The Memory Machine software comes in two editions. The Standard Edition creates a pool out of DDR4 memory and Optane PMEM provides service level agreements for memory slices – what are actually called memory machines – for applications. The Standard Edition also has “time machine” undo and restore capabilities as well as autosaving of checkpoints. It costs $2 per GB per year in each system it runs on. The Memory Machine Advanced Edition adds thin cloning and snapshotting as well as fast crash recovery, which makes memory highly available rather than just fast or capacious as the Standard Edition does. The Advanced Edition costs $5 per GB per year, and includes all of the functionality of the Standard Edition obviously. Let’s do some math. If you wanted a full 6 TB memory footprint today in a two-socket Xeon SP server, it would cost $85,156 for the Optane memory and $30,720 a year to license Memory Machine with all of the bells and whistles. That may sound like a lot, but it isn’t for a fintech machine that is playing with millions of dollars per second. It seems far more likely that companies will have more modest footprints using 128 GB Optane sticks, which would be only 1.5 TB of memory for $6,144 plus $7,680 to license the memory machine stack and get considerably more performance and resilience out of the server.
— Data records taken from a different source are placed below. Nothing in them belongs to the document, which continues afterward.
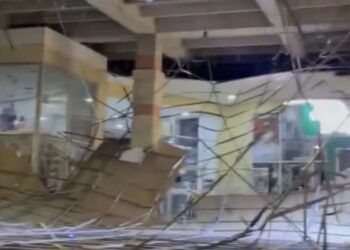 Fuertes vientos en Santa Marta causan estragos en el comercio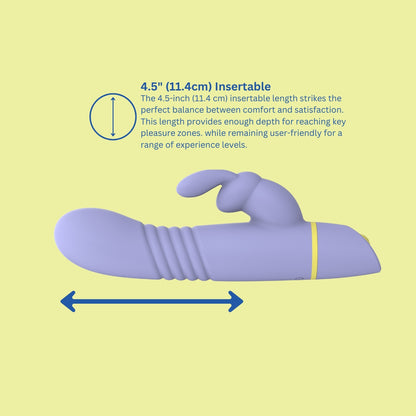 Δονητής Mina Tide Thrusting Rabbit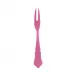 Honorine Pink Cocktail Fork 4.75"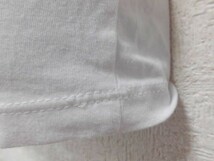 assk482☆　■■HANNAM■■　半袖プリントTシャツ　トップス　クルーネックTシャツ　白　Sサイズ　綿100％　アメリカ製_画像4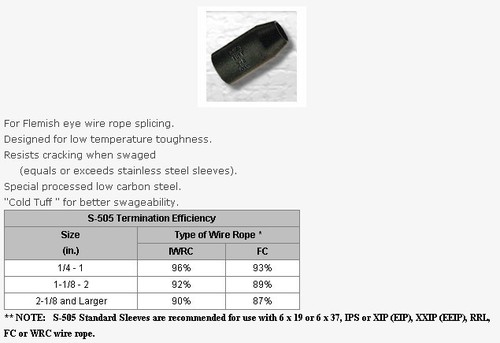 crosby S-505 Standard Sleeves
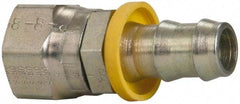 Parker - 13/16-16 SAE Steel Hydraulic Hose Female Seal-Lok Swivel Short - -8 Hose Size - Apex Tool & Supply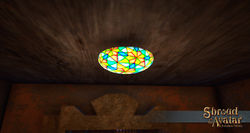 Sota geometric stained glass chandelier closeup.jpg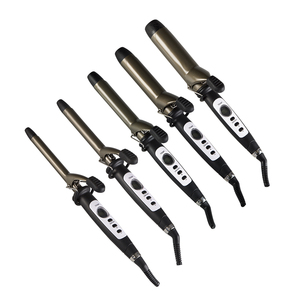 Rizador <span class=keywords><strong>de</strong></span> Pelo Profesional LCD, Planchas <span class=keywords><strong>de</strong></span> Cerámica para Rizar, 360 Grados, 50-220 ° Rizador <span class=keywords><strong>de</strong></span> Pelo Tipo C Apto para Pelucas y Todo Tipo <span class=keywords><strong>de</strong></span> Cabello Humano - Product Image 5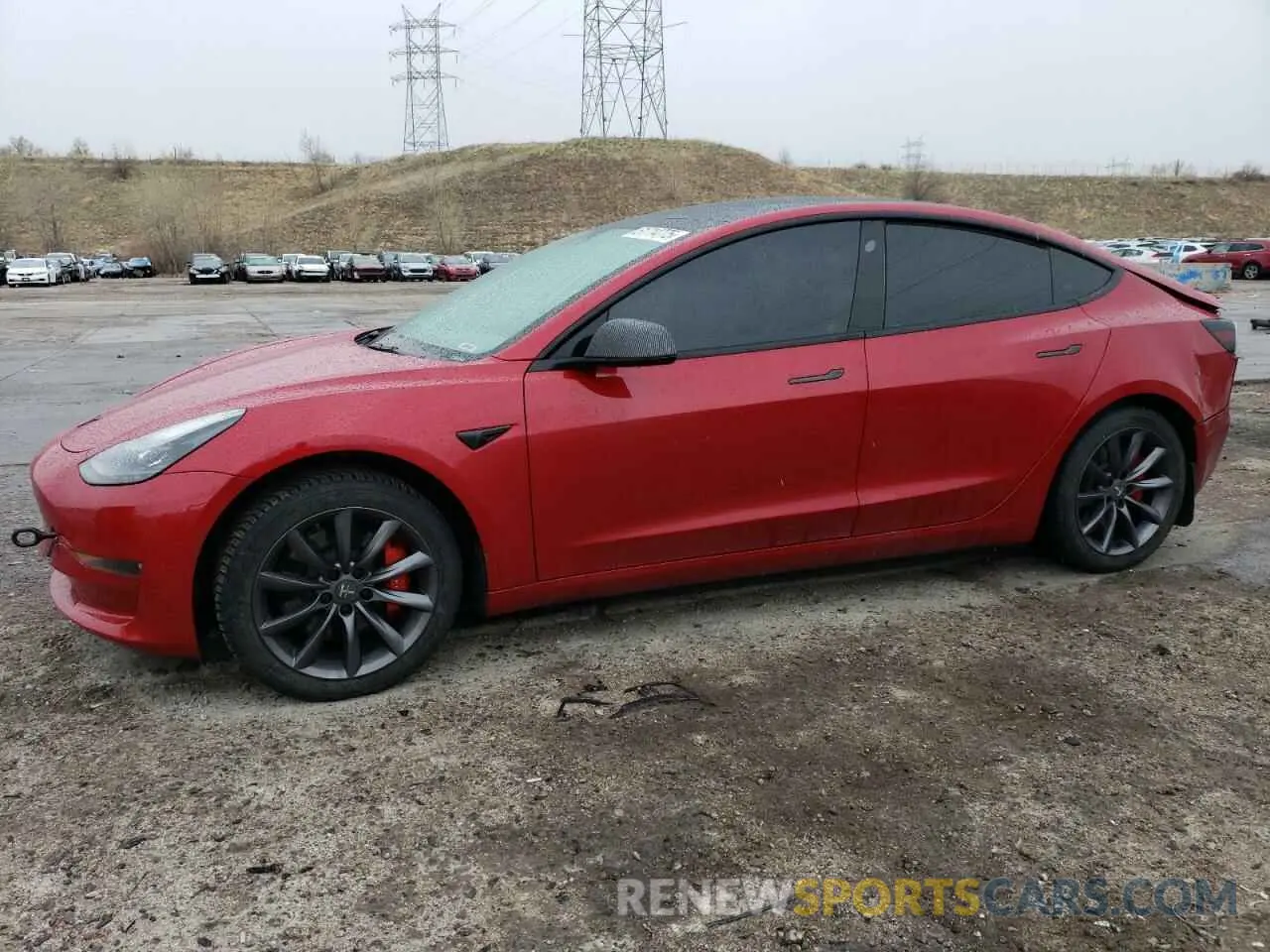 1 Photograph of a damaged car 5YJ3E1EC9NF236839 TESLA MODEL 3 2022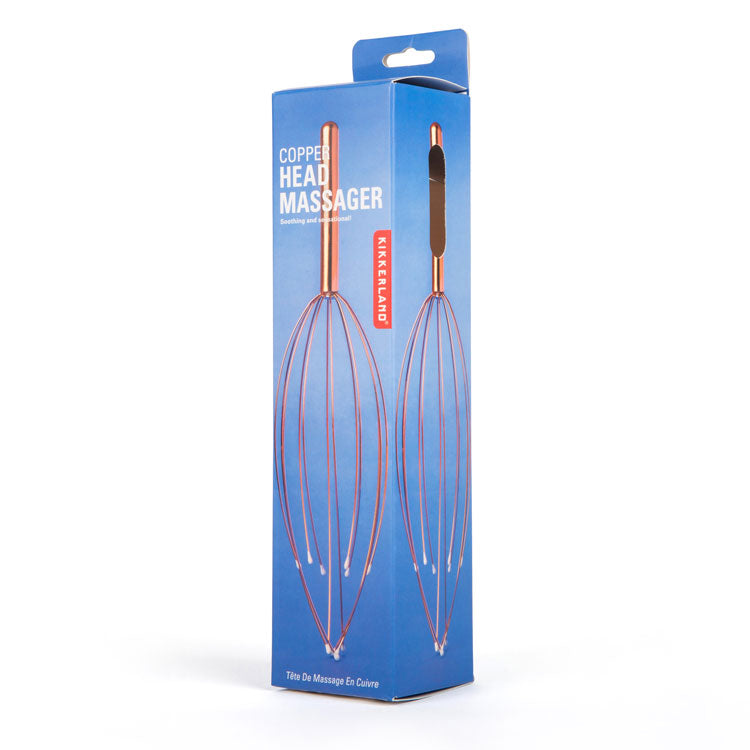 Kikkerland Copper Head Massager Kopfmassagegerät Kupfer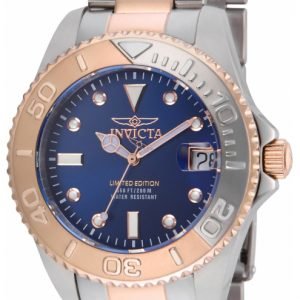 Invicta Pro Diver 24635 Kello Sininen / Punakultasävyinen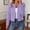 Green, variant on Women Round Collar Open Front Cropped Blazer Gold Button Long Sleeve Elegant Casual Short Jacket White XXL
This is the kind of math that a lot of companies will be doing, and we don’t think it will be long before Intel tries to buy MemVerge. The company raised $24.5 million in its Series A funding back in April 2019 when it uncloaked, with Gaorong Capital, Jerusalem Venture Partners, LDV Partners, Lightspeed Venture Partners, and Northern Light Venture Capital kicking in the dough. In May this year, MemVerge announced another $19 million in funding, and – you guessed it – Intel Capital was the lead investor. Cisco Systems and NetApp also kicked in funds, as did the original VCs and a few others.
We hope that MemVerge can stay independent and that new memory technologies come to market that Memory Machine can make simpler and easier to use. The datacenter will be better for it.
A lot of these performance gains may be predicated on coupling a DRAM module with an Optane module on each memory channel, thereby getting full DRAM performance from the memory subsystem. This assumption holds for DDR4 and for first generation DDR5, but what happens when systems move to DDR5-6400 in 2023 and drop to one DIMM per channel? Will servers give up an entire DRAM channel to a low performance Optane module? Not likely. I anticipate system infrastructure moves Optane to CXL where its performance doesn’t hinder the entire system. I think MemVerge is an interesting abstraction, and agree that rewriting software is a hill too steep to climb, but we really need to see how it scales in CXL systems.